What is the two phase commit

According to Wikipedia

The two-phase commit protocol (2PC, tupac) is a type of atomic commitment protocol (ACP). It is a distributed algorithm that coordinates all the processes that participate in a distributed atomic transaction on whether to commit or abort (roll back) the transaction.

The two phase commit protocol is a synchronization between several workers on whether to commit a transaction or abort it.

A central coordinator sits in between all the workers and manages the responses and makes the final call whether to commit a transaction or abort it.

The decision is based on the condition of the worker nodes and the responses they provide.

The phases in two phase commit

The two phase commit protocol runs on different phases and it is important to have a clear idea about these phases.

Prepare: When a transaction arrives at the coordinator , the coordinator must ask the workers if they are prepared to accept transactions.

This is called the prepare phase where the coordinator sends signals to the workers.

VoteCommit: This is sent back by the workers if they are prepared to accept transactions.

VoteAbort: This is sent back by the workers if they are not prepared to accept transactions.

DoCommit: Once the coordinator receives all VoteCommit from the workers it sends a signal to them to commit the transaction.

DoAbort: If any of the workers sends a voteAbort the coordinator abandons the transaction and sends a signal to the workers about cancelling the transaction.

Timeout: If any of the worker is down and unable to respond the coordinator considers a timeout situation where the transaction has to be aborted.
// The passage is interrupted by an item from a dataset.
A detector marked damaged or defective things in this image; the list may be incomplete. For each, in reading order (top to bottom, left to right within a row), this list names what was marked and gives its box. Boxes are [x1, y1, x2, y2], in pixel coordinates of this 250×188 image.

This is to reduce too much delay in the system.

Lets look at a few examples of the two phase commit .

Successful Commit

C : Sends Prepare
W1: Sends VoteCommit
W2: Sends VoteCommit
C: Sees everyone wants to commit sends DoCommit
W1 and W2 Commit

Worker Wants to Abort

C : Sends Prepare
W1: Sends VoteCommit
W2: Sends VoteAbort
C: Sees one of the workers wants to abort sends DoAbort
W1 and W2 do not Commit

Worker times out

C : Sends Prepare
W1: Sends VoteCommit
W2: Is down due to network issue
C: Sees one of the workers did not respond in time and sends DoAbort
W1 and W2 do not Commit

Step by Step solution code with Golang

For this article we are starting with just the Prepare phase of the protocol.

We are going to use RPC for communication.
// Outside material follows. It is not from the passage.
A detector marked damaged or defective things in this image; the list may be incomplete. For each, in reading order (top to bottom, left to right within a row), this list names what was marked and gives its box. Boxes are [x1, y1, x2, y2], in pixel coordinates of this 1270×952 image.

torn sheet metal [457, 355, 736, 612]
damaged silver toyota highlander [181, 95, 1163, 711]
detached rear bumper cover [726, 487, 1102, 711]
** Install Golang if you don't have it in your system for the program.

Common Structs

There are a few structs we need for the prepare args and reply.

Pass the arguments to the workers about the prepare phase.

type PrepareArgs struct {
 TransactionID int
}

The reply received by the coordinator about the workers

type PrepareReply struct {
 Ok            bool // true if worker can prepare
 WorkerId      int
 TransactionID int
}

The Coordinator

Define a coordinator struct which will act as a rpc client to send requests and read responses from the servers aka the workers.

type Coordinator struct {
 workerAddr    []string
 numWorkers    int
 prepareChan   chan shared.PrepareReply // channel for sending prepare requests
 commitChan    chan bool // workers commit reply is passed here
 abortChan     chan int // workers abort reply is passed here
 dialChan      chan *rpc.Client
 dialerrChan   chan error
 port          int
 mux           sync.Mutex // mutex for concurrency ease
 ticker        *time.Ticker  // a ticker for simulating timeout
 transactions  map[int]int // a map of transactions
 transactionID int 
 commitID      int
}

To actually send prepare to the workers we define a method called SendPrepareTransactions

func (cdt *Coordinator) SendPrepareTransaction(peer string, transactionId int) {
 client, err := cdt.callServerRPC(peer)
 if err != nil {
  log.Fatal("Unable to reach rpc server") // if timeout
  cdt.abortChan <- transactionId
  return
 }
 defer client.Close()

 prepare := shared.PrepareArgs{TransactionID: transactionId}
 var prepareReply shared.PrepareReply
 err = client.Call("Worker.Prepare", &prepare, &prepareReply) // call the workers Prepare method
 if err != nil {
  log.Printf("unable to reach worker %s with prepare ", peer)
  cdt.abortChan <- transactionId
 }

 log.Printf("received reply back from worker %s : %v", peer, prepareReply)
 if prepareReply.Ok { // if reply is success then send reply to channel
  log.Printf("worker %s is ready to accept transaction %d", peer, prepareReply.TransactionID)
  cdt.prepareChan <- prepareReply
 } else { // if reply is abort send to abort channel
  log.Printf("worker %s unable ready to accept transaction %d", peer, prepareReply.TransactionID)
  cdt.abortChan <- transactionId
 }
}

The callServerRpc is used to return rpc clients while also handling timeouts

func (cdt *Coordinator) callServerRPC(peer string) (*rpc.Client, error) {
 go func(peer string) {
  client, err := rpc.Dial("tcp", peer)
  // defer client.Close()
  fmt.Println("server address is ,", peer)
  if err != nil {
   log.Fatal("Unable to reach rpc server")
   cdt.dialerrChan <- err
   return
  }
  cdt.dialChan <- client
  return
 }(peer)

 select {
 case <-cdt.ticker.C: 
  return nil, fmt.Errorf("timeout connect to node %s", peer)
 case client := <-cdt.dialChan:
  return client, nil
 case err := <-cdt.dialerrChan:
  return nil, err
 }
}

Now to start the coordinator we define a start method, assume one transaction is being simulated with id 1.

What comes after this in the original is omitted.